クローン文化財って、聞き慣れない言葉ですよね。クローン文化財って何なのか。本展の見どころや今後の可能性についてご紹介します。
今回制作された《種をまく人》のクローン文化財は、山梨県立美術館にて昨年度撮影された超高精細画像(10,000dpiでデジタル化され約1,350億画素)をもとに、東京藝術大学が手掛ける最新の3Dデジタル技術によって、額縁や絵画表面の凹凸まで精密に再現されています。
クローン文化財と本物が並んで展示されるのは本邦初!
まずは、キャプションを見る前に、どちらが本物(オリジナル)か見比べてみてください。
答えを言ってしまうと、オリジナルは作品の保護のためにガラスがはめ込まれているので、照明の反射が見えます。
クローン文化財にはガラスが無いので、ガラスを取った時、どう見えるのかというのも楽しめる趣向になっています。
ガラスがあると色味が変わってしまうため、クローン文化財では本来の豊かな色彩を見ることができます。
制作の工程で、本来の色味になるよう、大型インクジェットプリンターを展示室に持ち込んで出力し、オリジナルと見比べながら何回もテストを行い、忠実に色調を再現したそうです。
「3D技術により再現した絵画表面の凹凸形状」
《種をまく人》のクローンは、ミレーの描いた筆のタッチまで忠実に再現されています。
絵画表面の凹凸形状を、高精細3Dスキャナーで読み取り、3Dデジタル化したデータをもとに凹凸を再現したキャンバスを作成します。

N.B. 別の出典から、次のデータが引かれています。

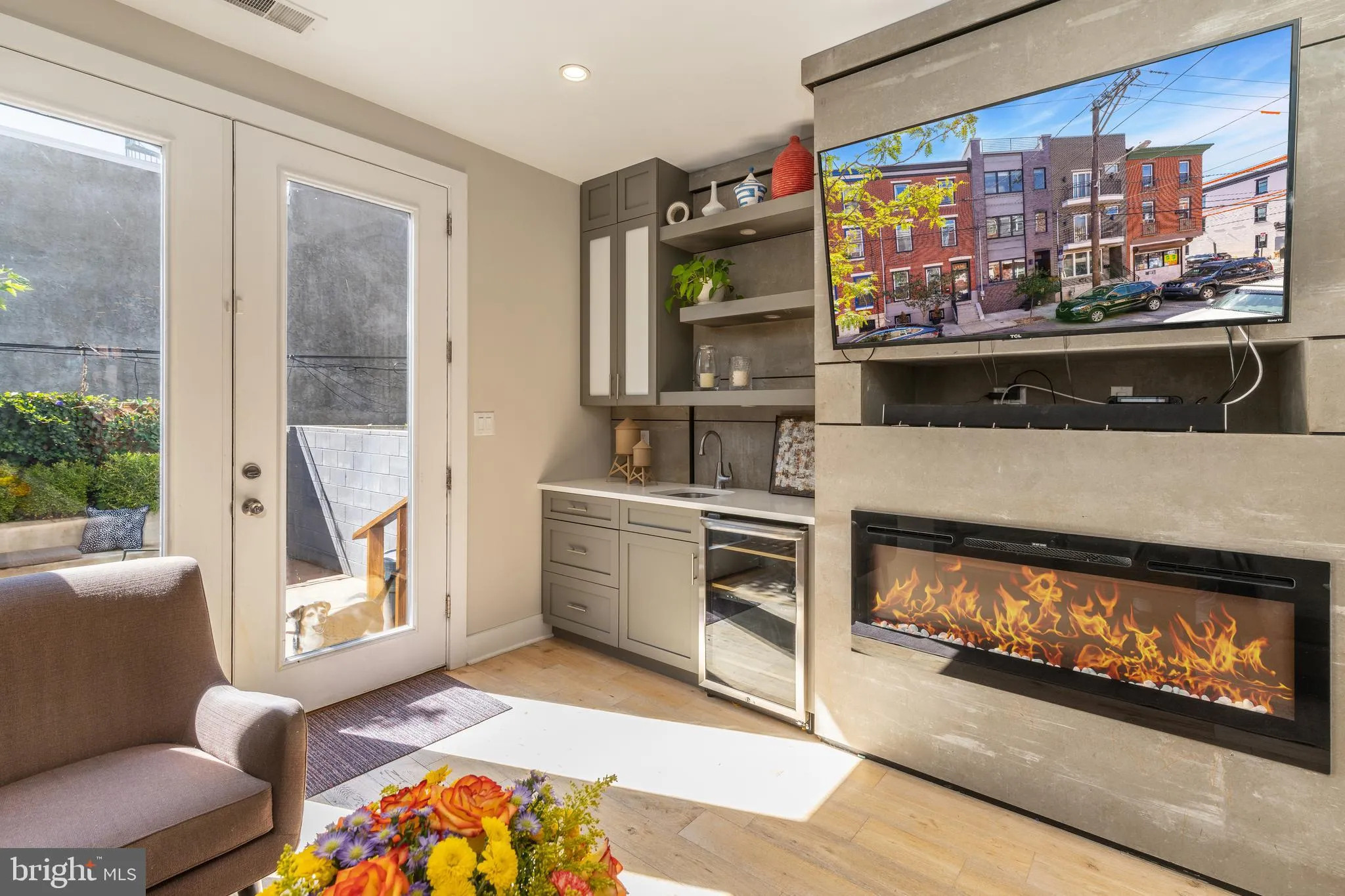 Philadelphia, Pennsylvania 19146, United States, 3 Bedrooms Bedrooms, ,4 BathroomsBathrooms,Residential,Contingent,90872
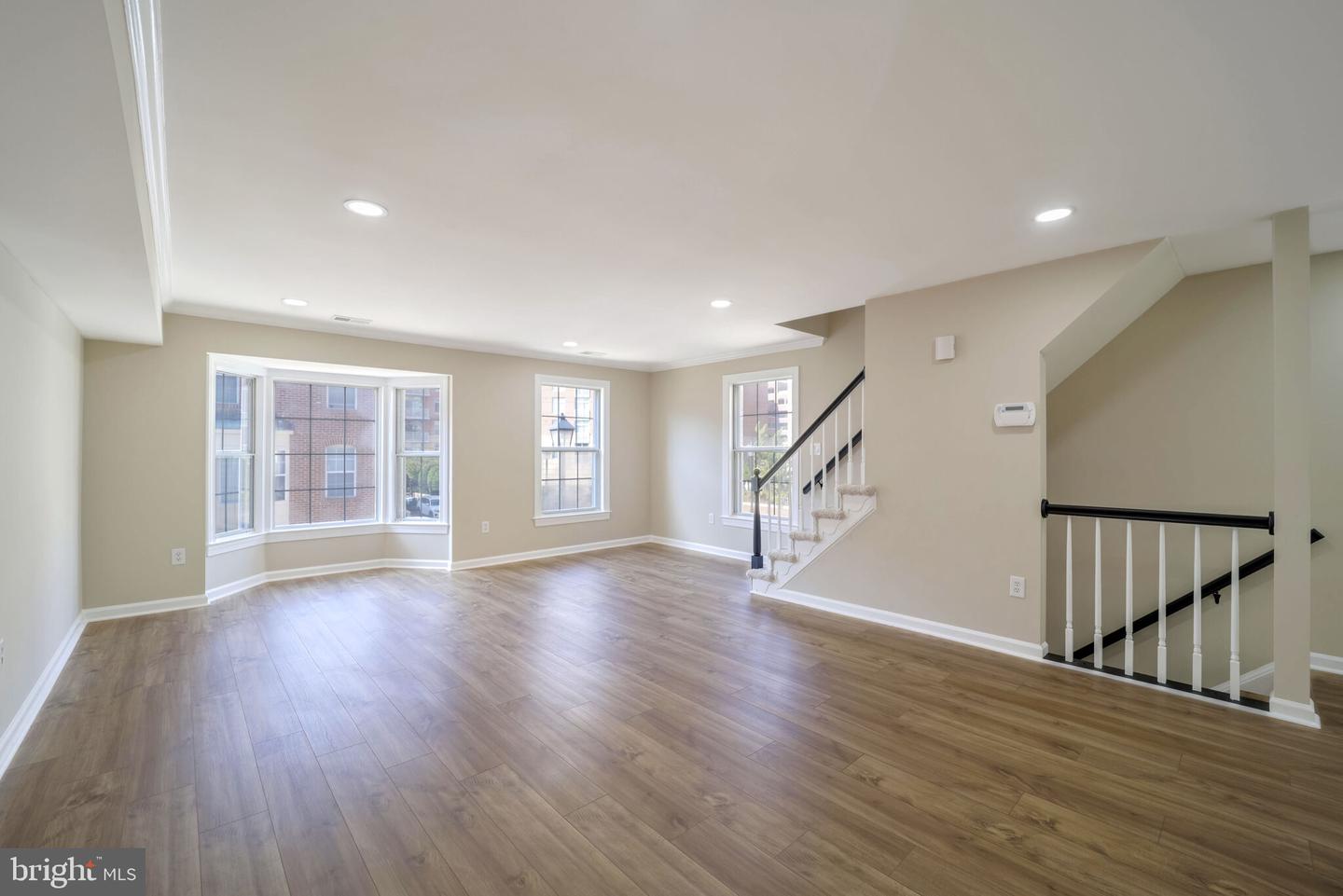 1215 MADISON ST, ALEXANDRIA, Virginia 22314, 2 Bedrooms Bedrooms, ,2 BathroomsBathrooms,Residential,For sale,1215 MADISON ST,VAAX2039254 MLS # VAAX2039254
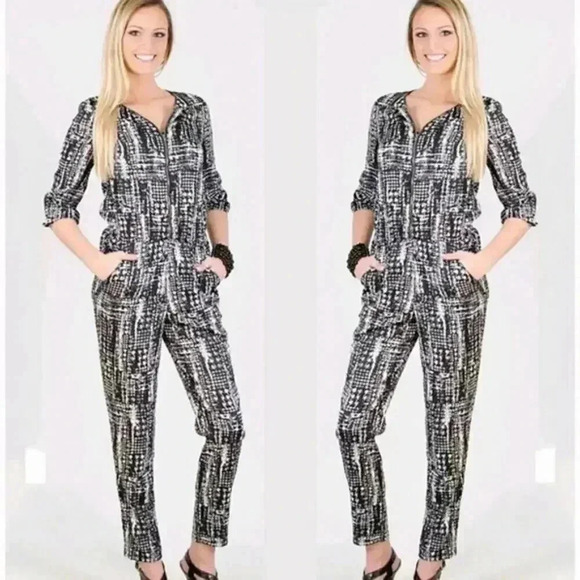 W118 by Walter Baker Peavey Jumpsuit Gray Reptile Small NWT - Picture 1 of 6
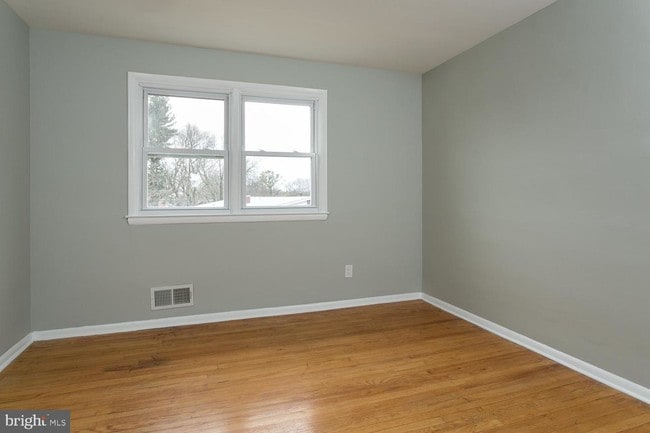 Building Photo - 6231 Robin Hill Rd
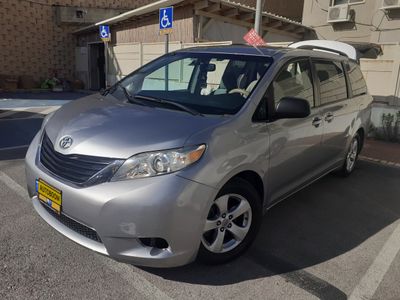 Toyota Sienna 2nd hand, 2010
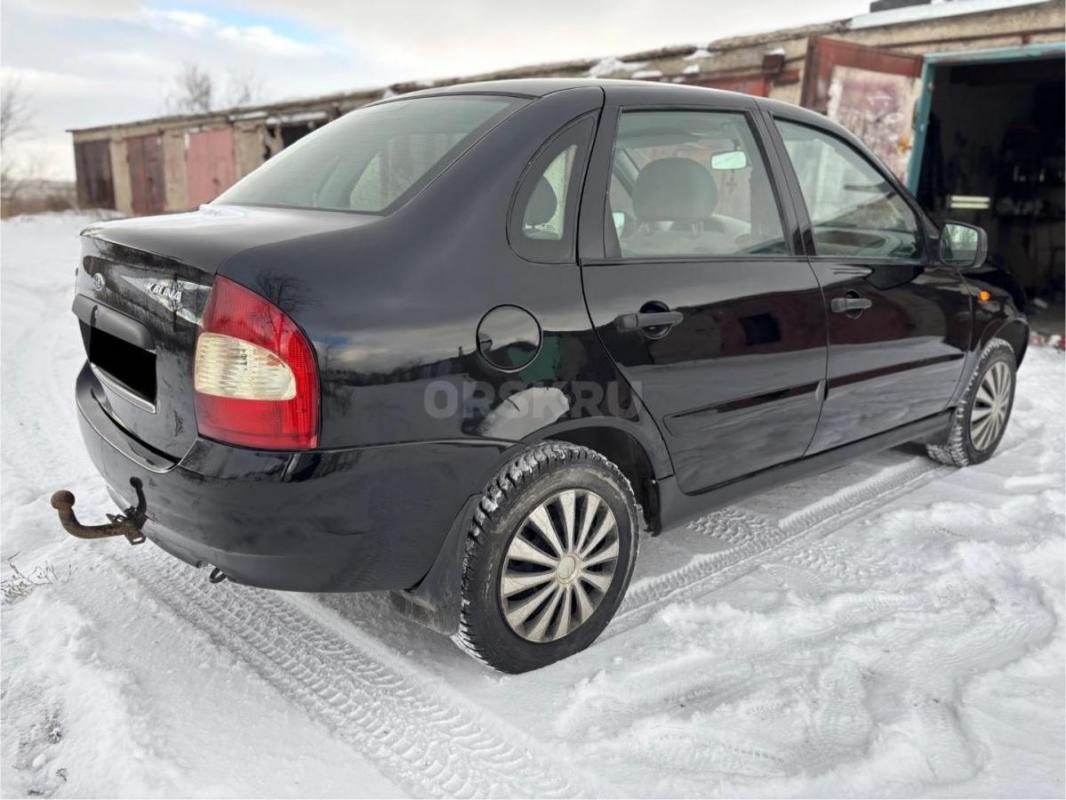 Продам калину в хорошем состоянии 
В хорошей комплектации с кондиционер,ПТС оригинал 1 владелец 
Н - Орск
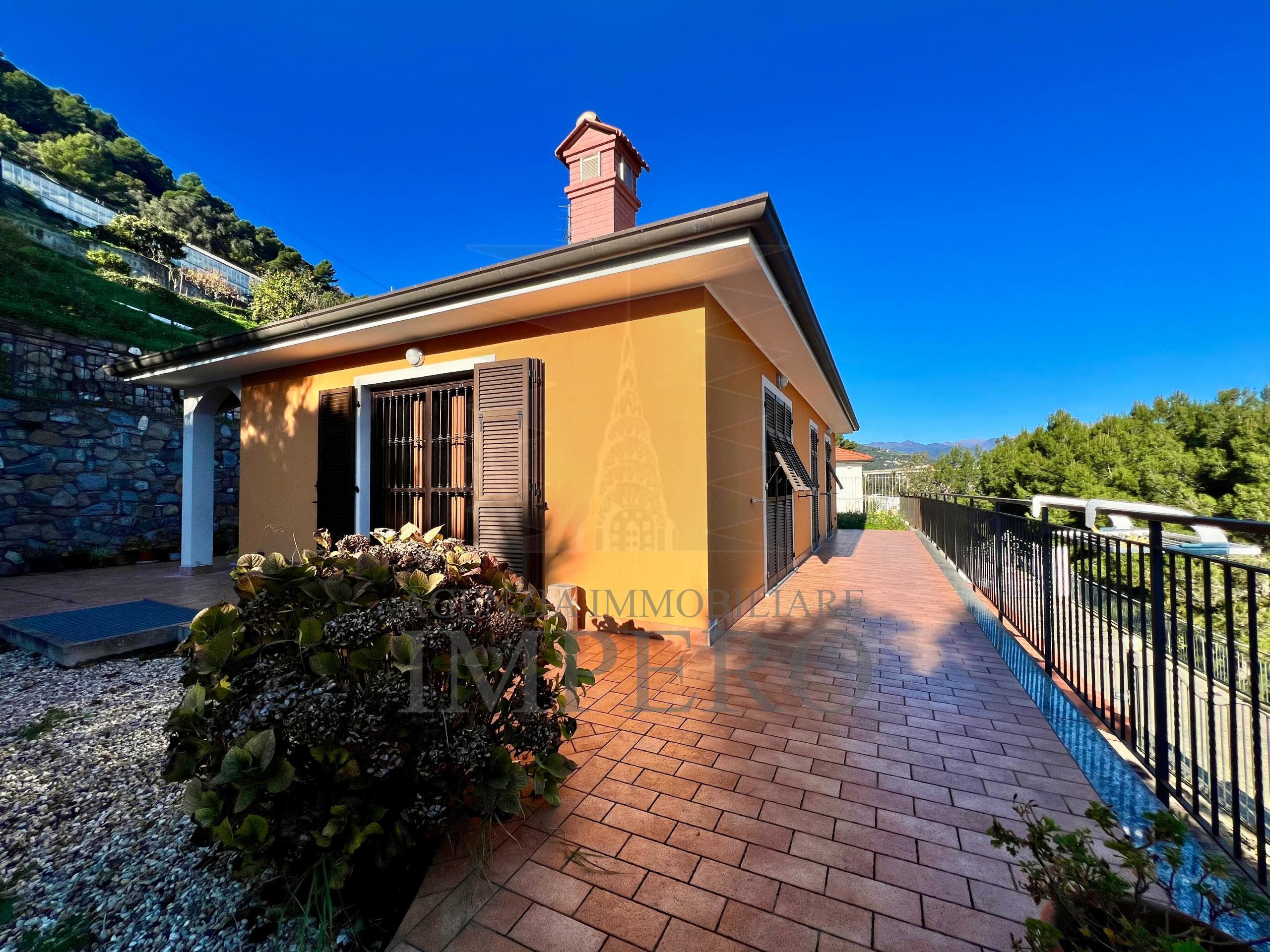 Villa con giardino in corso della repubblica, Camporosso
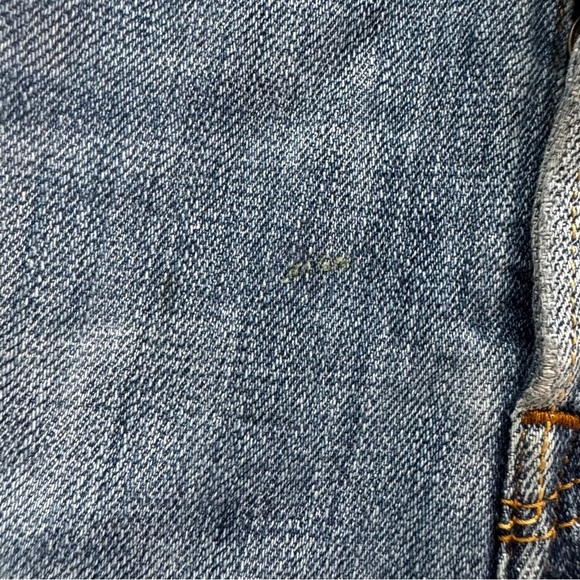 Vintage Levi’s 501 Original Fit Distressed Cut-Off Denim Shorts - Picture 10 of 15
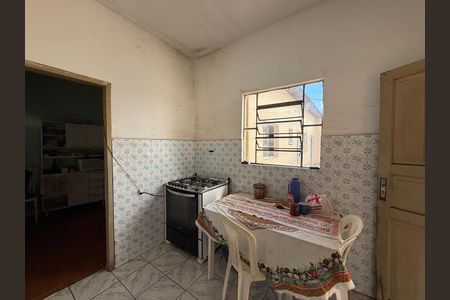 Casa para alugar com 300m², 2 quartos e 1 vaga Casa para alugar com 300m², 2 quartos e 1 vagaCozinha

今回新たな試みとして、従来は手作業で行っていた凹凸の再現工程を、3Dデジタル技術を活用したことで、オリジナルの質感により迫るものになっています。
このキャンバスに、オリジナルの色調再現したデジタルデータが大型インクジェットプリンターで印刷されます。
各制作工程は、パネルでくわしく紹介されていますので興味のある方はぜひご覧ください。
絵が動き出す「変幻灯」
実際の様子は動画でご覧ください!
同じ展示室内に紹介されている「変幻灯」。
絵画に光のパターンを投影することで、止まった画像が動いて見えるという新しい視覚体験ができます。オリジナルでは作品保護のため不可能なことも、クローン文化財なら可能となります。
公開が困難な作品をクローンで公開したり、移動美術館や学校での展示、目の不自由な方に触って体験してもらったりと、今後、様々な活用が期待されます。
調査から完成まで約半年かけて作成されたクローン文化財は、最先端のデジタル技術と、専門的な知識をもった人のアナログ技術との融合作品です。
今まで《種をまく人》を見たことがある方も、改めてオリジナルとクローン文化財をじっくり鑑賞することで、新たな発見があるかもしれません。
普段は撮影不可ですが、今回はオリジナル作品も写真撮影をすることができます。
この機会にぜひ、オリジナルの魅力とともに新しい鑑賞体験を味わってみませんか?